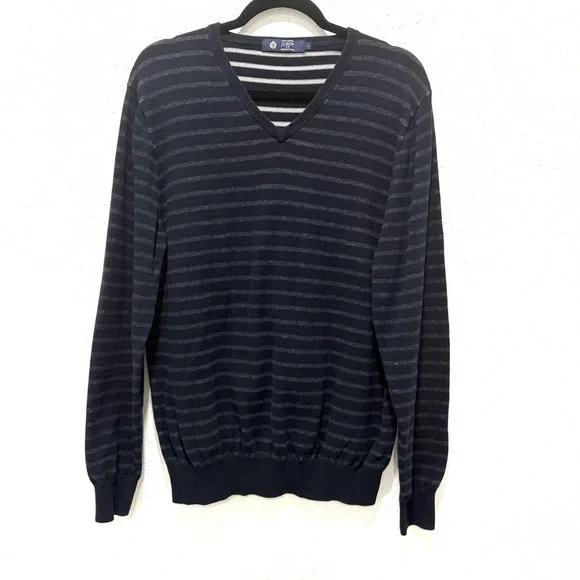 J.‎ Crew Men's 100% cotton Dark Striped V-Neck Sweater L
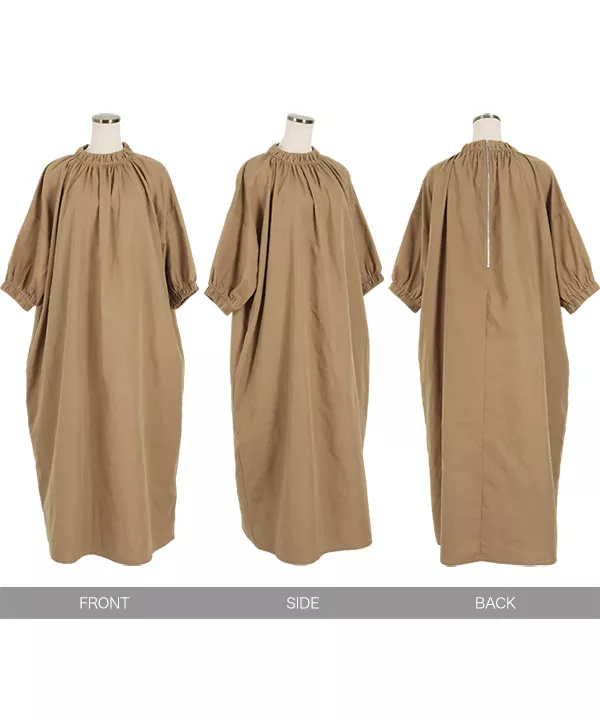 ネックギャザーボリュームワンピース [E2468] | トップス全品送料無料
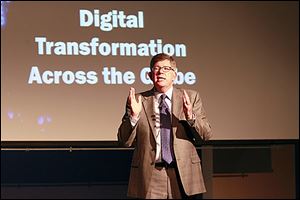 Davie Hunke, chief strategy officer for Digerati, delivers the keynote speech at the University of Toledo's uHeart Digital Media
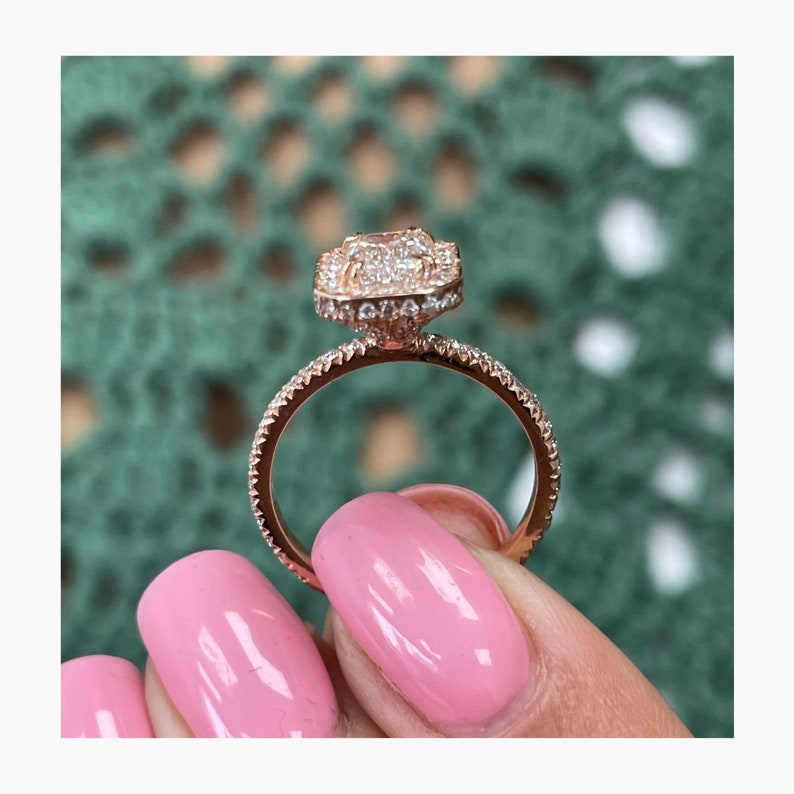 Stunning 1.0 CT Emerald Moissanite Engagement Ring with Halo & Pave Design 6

--

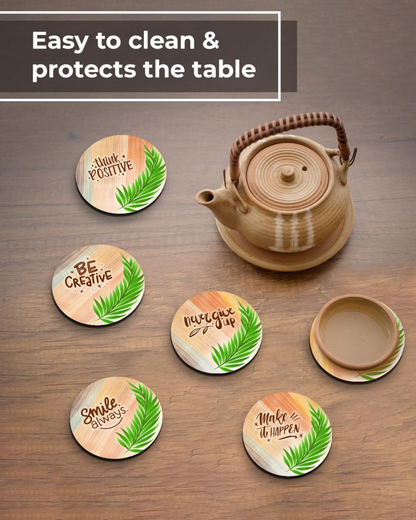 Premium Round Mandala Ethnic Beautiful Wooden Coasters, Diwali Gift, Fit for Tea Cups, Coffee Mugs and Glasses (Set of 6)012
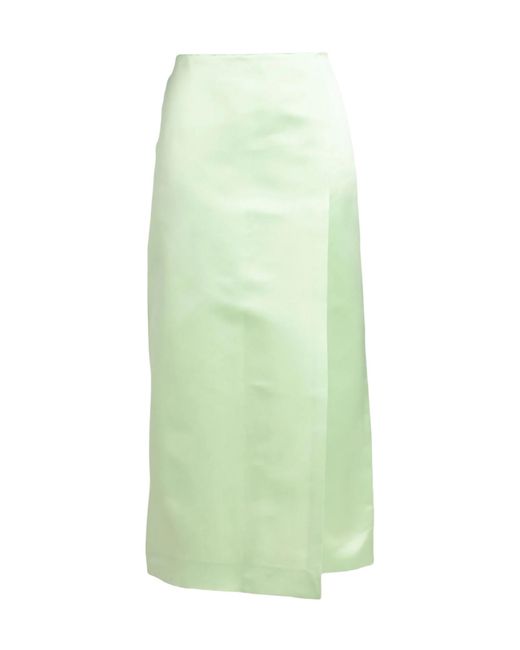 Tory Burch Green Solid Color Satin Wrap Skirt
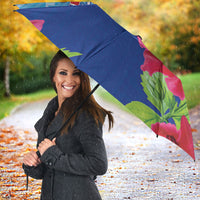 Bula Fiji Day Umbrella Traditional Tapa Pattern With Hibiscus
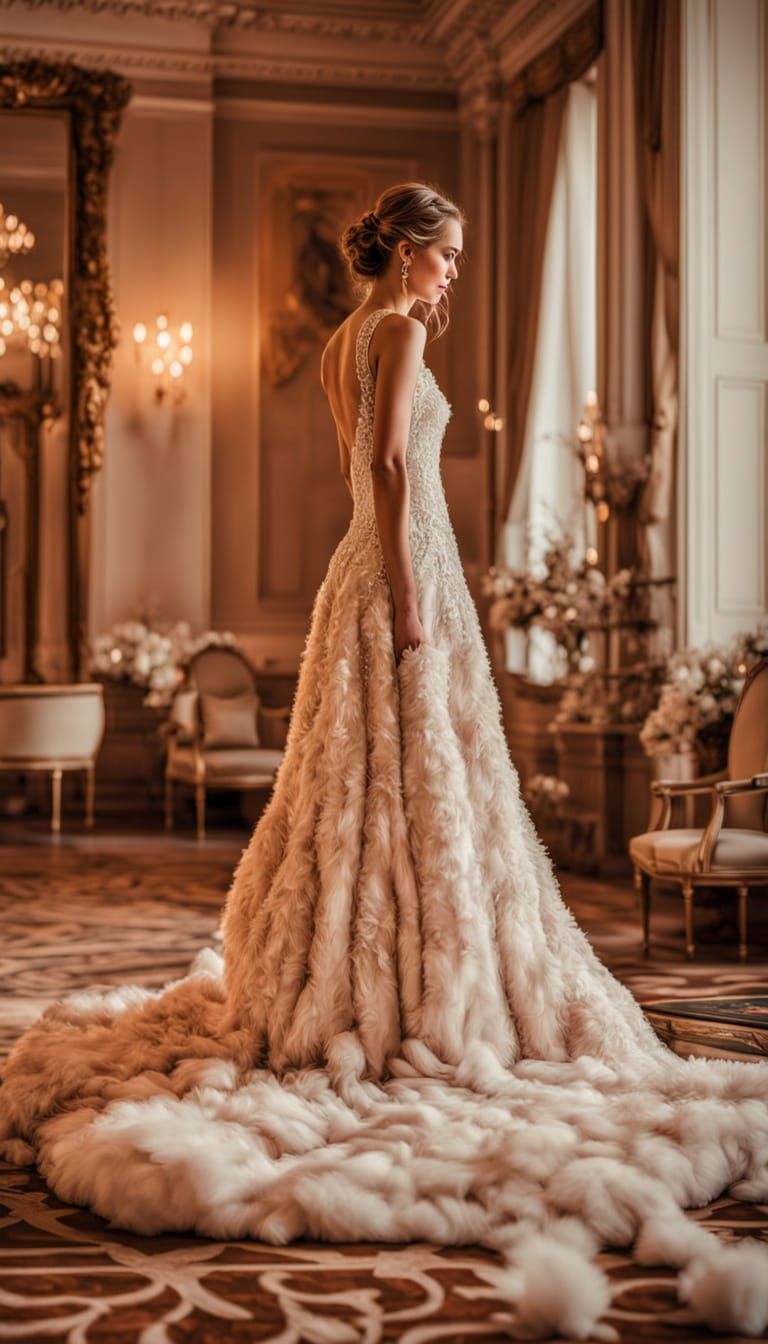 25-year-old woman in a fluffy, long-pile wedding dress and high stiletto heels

### ACTIVITY
Could you transcribe exactly the entries above, but only the lines from the one with "Tory Burch Green" through the one with "25-year-old woman in", and without pictures?

### EXERCISE SOLUTION
 Tory Burch Green Solid Color Satin Wrap Skirt
 Bula Fiji Day Umbrella Traditional Tapa Pattern With Hibiscus
 25-year-old woman in a fluffy, long-pile wedding dress and high stiletto heels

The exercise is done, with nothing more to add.